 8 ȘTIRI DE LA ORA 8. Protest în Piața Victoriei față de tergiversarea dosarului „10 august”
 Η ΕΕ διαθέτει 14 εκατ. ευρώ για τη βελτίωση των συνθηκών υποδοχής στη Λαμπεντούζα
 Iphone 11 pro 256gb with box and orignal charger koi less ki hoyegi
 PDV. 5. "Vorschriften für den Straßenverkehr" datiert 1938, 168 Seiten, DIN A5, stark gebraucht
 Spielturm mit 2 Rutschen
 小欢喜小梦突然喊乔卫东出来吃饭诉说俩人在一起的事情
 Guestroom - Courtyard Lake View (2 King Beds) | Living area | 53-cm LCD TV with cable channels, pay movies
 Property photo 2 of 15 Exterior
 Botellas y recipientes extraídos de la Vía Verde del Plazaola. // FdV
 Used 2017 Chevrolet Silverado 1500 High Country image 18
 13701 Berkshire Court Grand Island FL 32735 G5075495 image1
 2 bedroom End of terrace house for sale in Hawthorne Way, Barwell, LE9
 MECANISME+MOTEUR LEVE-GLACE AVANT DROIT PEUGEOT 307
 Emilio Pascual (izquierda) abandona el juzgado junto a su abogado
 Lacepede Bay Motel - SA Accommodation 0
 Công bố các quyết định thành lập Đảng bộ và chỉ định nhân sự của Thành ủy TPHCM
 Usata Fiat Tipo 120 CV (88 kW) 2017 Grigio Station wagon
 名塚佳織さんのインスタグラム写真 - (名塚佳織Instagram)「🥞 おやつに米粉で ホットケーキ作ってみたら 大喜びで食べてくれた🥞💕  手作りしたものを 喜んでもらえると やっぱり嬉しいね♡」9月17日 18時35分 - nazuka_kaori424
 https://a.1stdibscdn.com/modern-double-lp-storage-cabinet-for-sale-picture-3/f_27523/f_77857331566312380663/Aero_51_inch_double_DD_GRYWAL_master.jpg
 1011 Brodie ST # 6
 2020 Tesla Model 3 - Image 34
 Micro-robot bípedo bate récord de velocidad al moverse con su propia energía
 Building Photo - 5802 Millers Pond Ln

**********

▸ ASSIGNMENT
Reprint the entire listing exactly.

▸ ANSWER SECTION
 8 ȘTIRI DE LA ORA 8. Protest în Piața Victoriei față de tergiversarea dosarului „10 august”
 Η ΕΕ διαθέτει 14 εκατ. ευρώ για τη βελτίωση των συνθηκών υποδοχής στη Λαμπεντούζα
 Iphone 11 pro 256gb with box and orignal charger koi less ki hoyegi
 PDV. 5. "Vorschriften für den Straßenverkehr" datiert 1938, 168 Seiten, DIN A5, stark gebraucht
 Spielturm mit 2 Rutschen
 小欢喜小梦突然喊乔卫东出来吃饭诉说俩人在一起的事情
 Guestroom - Courtyard Lake View (2 King Beds) | Living area | 53-cm LCD TV with cable channels, pay movies
 Property photo 2 of 15 Exterior
 Botellas y recipientes extraídos de la Vía Verde del Plazaola. // FdV
 Used 2017 Chevrolet Silverado 1500 High Country image 18
 13701 Berkshire Court Grand Island FL 32735 G5075495 image1
 2 bedroom End of terrace house for sale in Hawthorne Way, Barwell, LE9
 MECANISME+MOTEUR LEVE-GLACE AVANT DROIT PEUGEOT 307
 Emilio Pascual (izquierda) abandona el juzgado junto a su abogado
 Lacepede Bay Motel - SA Accommodation 0
 Công bố các quyết định thành lập Đảng bộ và chỉ định nhân sự của Thành ủy TPHCM
 Usata Fiat Tipo 120 CV (88 kW) 2017 Grigio Station wagon
 名塚佳織さんのインスタグラム写真 - (名塚佳織Instagram)「🥞 おやつに米粉で ホットケーキ作ってみたら 大喜びで食べてくれた🥞💕  手作りしたものを 喜んでもらえると やっぱり嬉しいね♡」9月17日 18時35分 - nazuka_kaori424
 https://a.1stdibscdn.com/modern-double-lp-storage-cabinet-for-sale-picture-3/f_27523/f_77857331566312380663/Aero_51_inch_double_DD_GRYWAL_master.jpg
 1011 Brodie ST # 6
 2020 Tesla Model 3 - Image 34
 Micro-robot bípedo bate récord de velocidad al moverse con su propia energía
 Building Photo - 5802 Millers Pond Ln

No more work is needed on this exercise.